● Raw data
──────────────────────────────

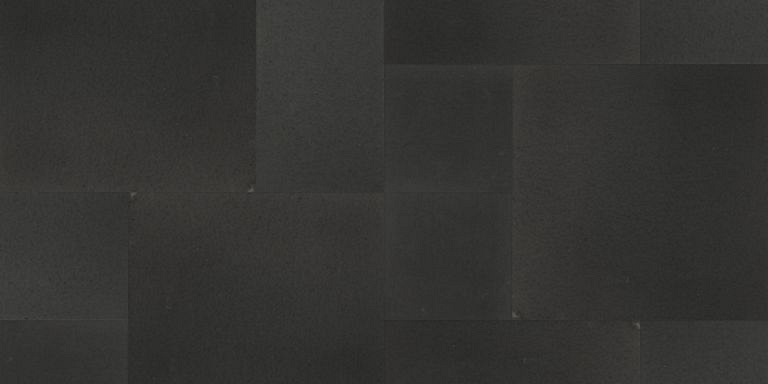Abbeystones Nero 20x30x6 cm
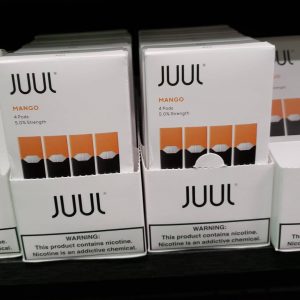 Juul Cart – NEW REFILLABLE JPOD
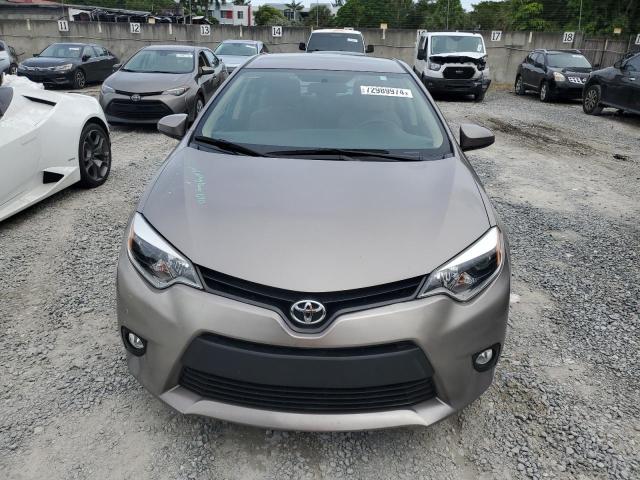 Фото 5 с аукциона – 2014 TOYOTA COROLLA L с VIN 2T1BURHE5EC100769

──────────────────────────────

● Activity
What the task needs is the material above repeated exactly, pictures excepted.

● Response
Abbeystones Nero 20x30x6 cm
 Juul Cart – NEW REFILLABLE JPOD
 Фото 5 с аукциона – 2014 TOYOTA COROLLA L с VIN 2T1BURHE5EC100769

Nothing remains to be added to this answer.